Prenasalized clusters also occur, involving voiced and aspirated stops and affricates. The place of articulation for the nasal is homorganic with the following consonant, and is thus represented with /N/. They are also contrastive, as can be observed in /^{F}ge/ "wolf" as opposed to /^{F}Nge/ "nine", and /^{R}tʃʰæ/ "ghost" against /^{R}Ntʃʰæ/ "skirt". Prenasalized clusters are also found in loanwords from Tibetan and Chinese, due to a resyllabification process wherein the nasal coda joins the onset. The preceding vowel is also audibly nasalized, such as in /^{EP}kuNtsʰe/ [^{REP}kũntsʰe] "coffin" from Southwest Mandarin 棺材 /kuan^{44}tsʰai^{21}/. Occasionally the nasal is entirely dropped, such as /^{RP}jɐy/ [^{RP}jɐɥy] "potato" from Southwest Mandarin 洋芋 /iaŋ^{21}y^{213}/.

=== Vowels ===

|  |  | Front | Central | Back |
| Close | unrounded | i |  |  |
| rounded | y |  | u |
| Mid |  | e | ə | o |
| Open |  | æ | ɐ |  |

The Luzi vowel system consists of 8 monophthongs, and diphthongs are only found in loanwords from Southwest Mandarin (such as /^{RP}ʃətsai/ "really" from 实在 /ʂʅ^{21}tsai^{213}/). /u/ is somewhat centralized and is produced with higher lip compression, and is realized as [] after alveolar and bilabial stop initials. This is a common areal phenomenon, and can be found in many neighboring languages, including Nuosu, Yongning Na, and Namuzi. Unlike Nuosu however, where only one side of the lip is trilled, in Luzi both lips vibrate to produce the trill.
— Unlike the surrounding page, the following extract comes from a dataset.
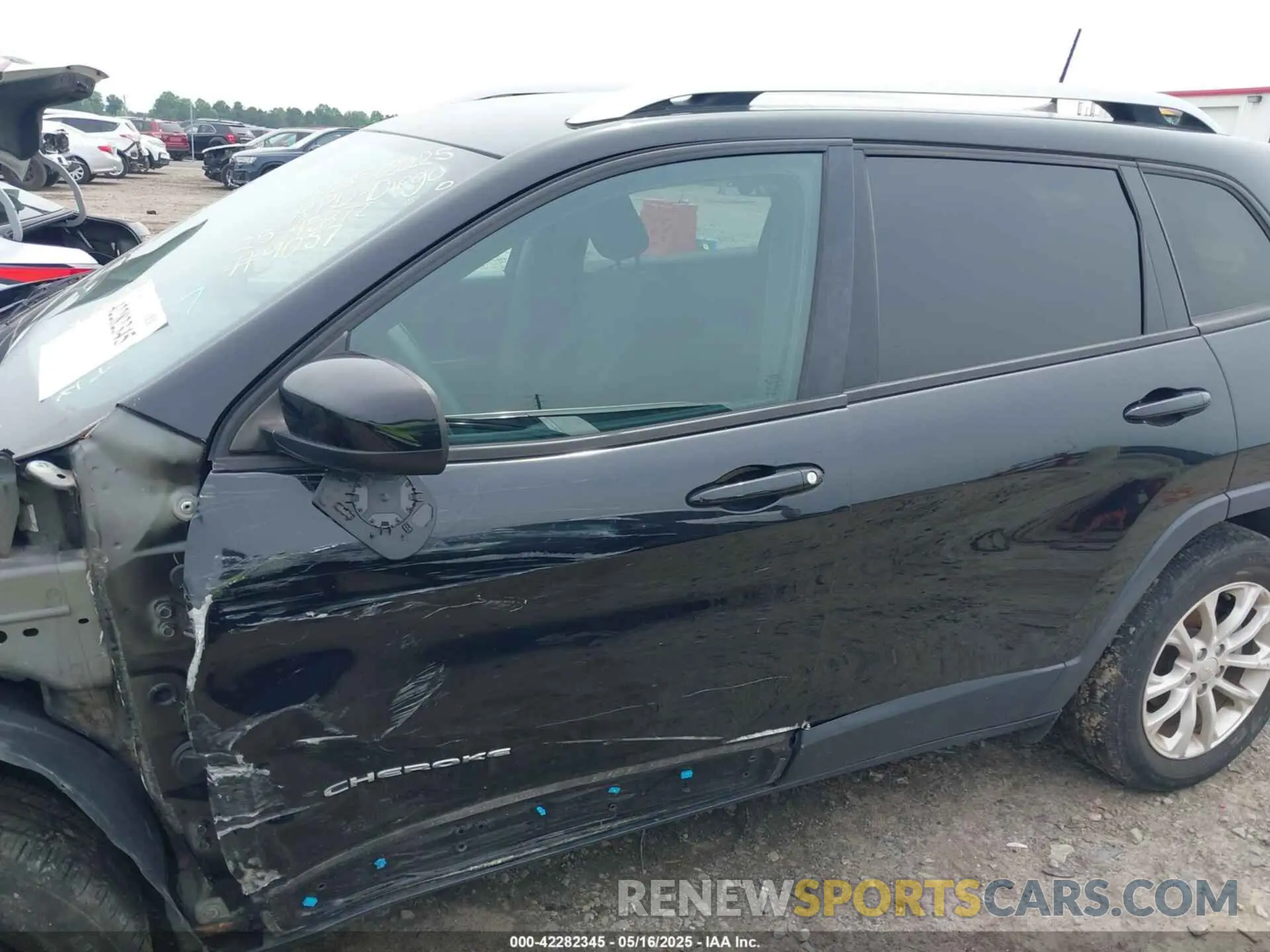 15 Photograph of a damaged car 1C4PJLCB5LD539057 JEEP CHEROKEE 2020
Luzi also features an additional set of nasalized vowels from Tibetan and Mandarin loanwords, which is different from nasalization triggered by glottal consonants, but is generally considered subphonemic.

=== Tone ===
Similar to other Western Tibeto-Burman languages in Sichuan and Yunnan, Lizu has a sparse tone system, where only one pitch pattern is pronounced in a word. Monosyllabic words have two contrasting tones, low rising (R) and high falling (F), minimal pairs include /^{R}ne/ "two" and /^{F}ne/ "you, thou".

Disyllabic words have three contrasting tones, equally-prominent contour (EP), where both syllables are equally prominent and long, and both syllables have a mid-pitch contour, however the first syllable is slightly higher. There is also left-prominent contour (LP), where the last syllable is shorter and less prominent, the pitch peaks in the first syllable before falling which continues through the second syllable. This is contrasted with right-prominent contour (RP), where the last syllable is relatively longer and there is a rise in the first syllable before peaking in the second syllable and then falling.

Trisyllabic and tetrasyllabic words feature the same three patterns comparable to those found in disyllabic words, with minimal differences. Multisyllabic words also have a prominence difference between syllables, akin to stress patterns in Germanic languages.

==== Sandhi in compounds ====
Tonal sandhi is also observed in compound words, namely in tri- and tetrasyllabic words, as disyllabic compounds have been largely lexicalized. Compounds largely take the tone of the initial word, which can be seen in /^{RP}ɹwæ meNtʃʰo/ "chicken tail" derived from /^{R}ɹwæ/ "chicken" and /^{LP}meNtʃʰo/ "tail".